- _WORK REQUIRED_
Under this line is some data; print exactly the lines from the one containing "Glasbrunnen Im Berner" through its last line, without pictures.

Collected data entries:
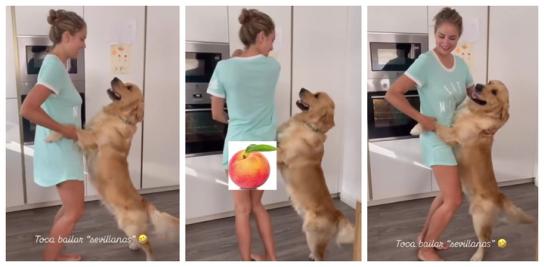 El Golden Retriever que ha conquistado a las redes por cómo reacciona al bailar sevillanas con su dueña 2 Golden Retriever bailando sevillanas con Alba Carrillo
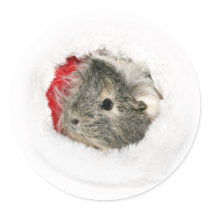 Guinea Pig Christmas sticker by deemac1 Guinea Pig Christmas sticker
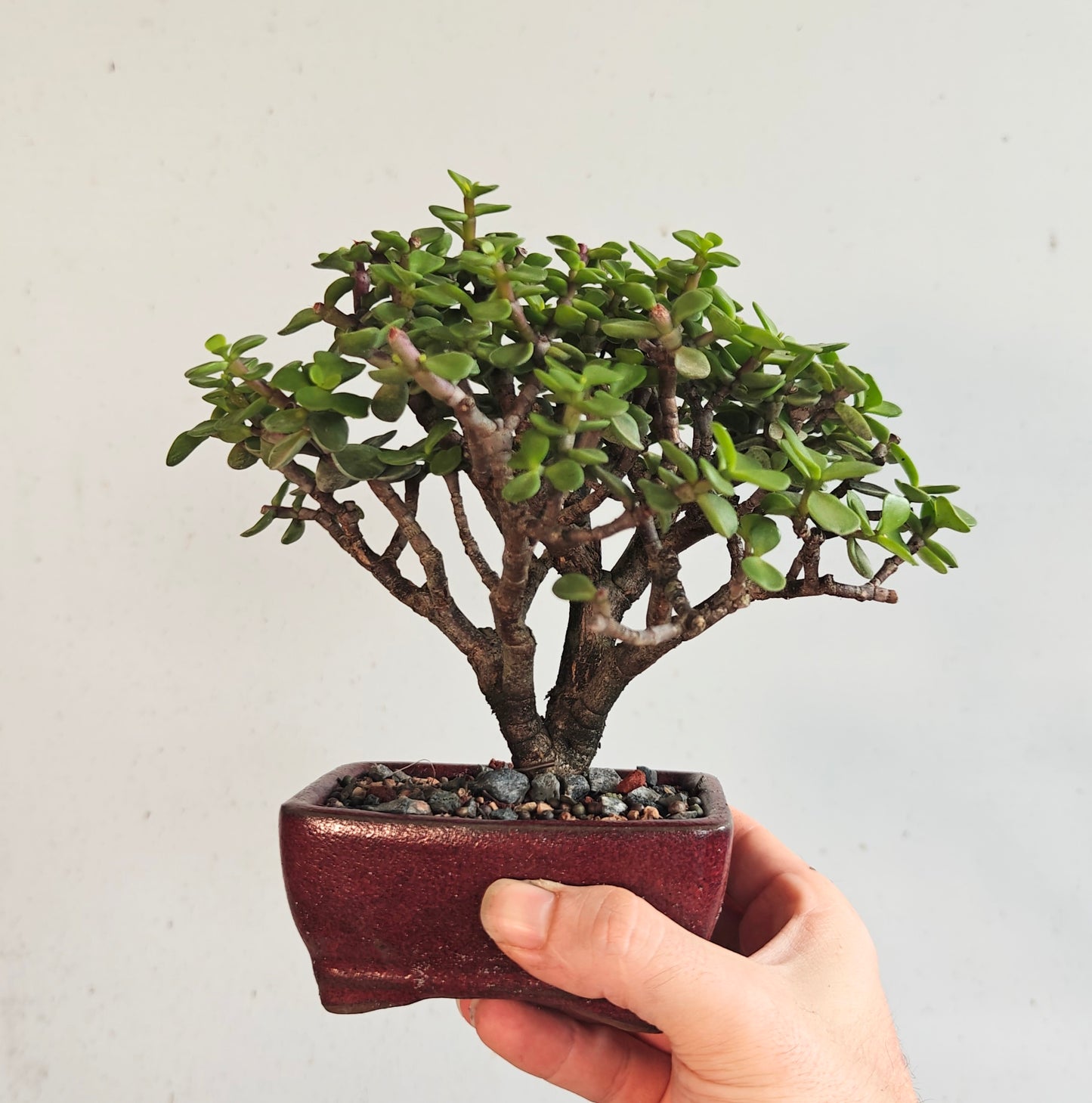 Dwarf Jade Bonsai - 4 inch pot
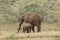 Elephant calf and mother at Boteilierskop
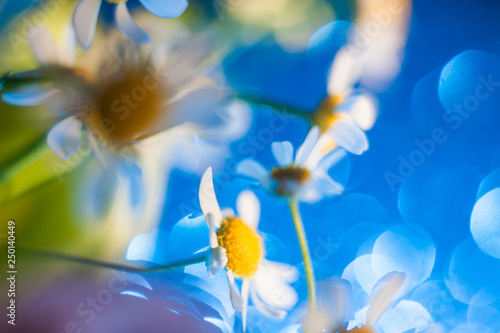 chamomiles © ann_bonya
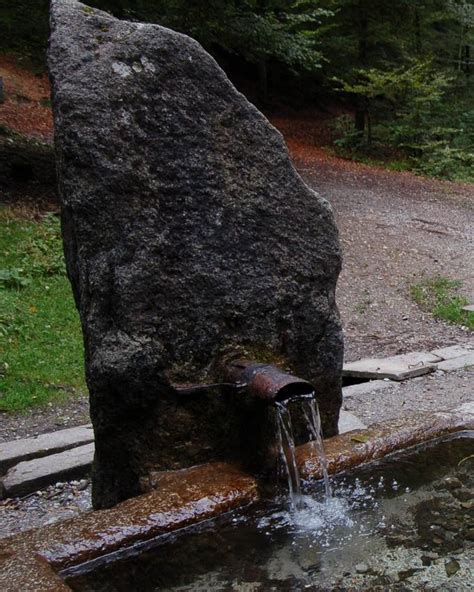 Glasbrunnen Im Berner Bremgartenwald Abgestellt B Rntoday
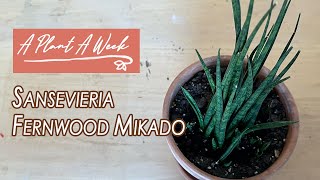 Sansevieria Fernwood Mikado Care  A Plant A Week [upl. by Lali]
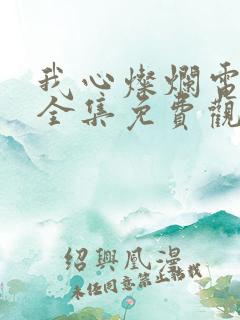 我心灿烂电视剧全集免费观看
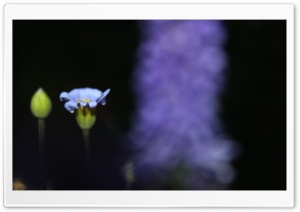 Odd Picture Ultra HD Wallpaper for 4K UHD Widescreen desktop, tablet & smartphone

- _WRITTEN SOLUTION_
 Glasbrunnen Im Berner Bremgartenwald Abgestellt B Rntoday
 Sansevieria Fernwood Mikado Care  A Plant A Week [upl. by Lali]
 我心灿烂电视剧全集免费观看
 Odd Picture Ultra HD Wallpaper for 4K UHD Widescreen desktop, tablet & smartphone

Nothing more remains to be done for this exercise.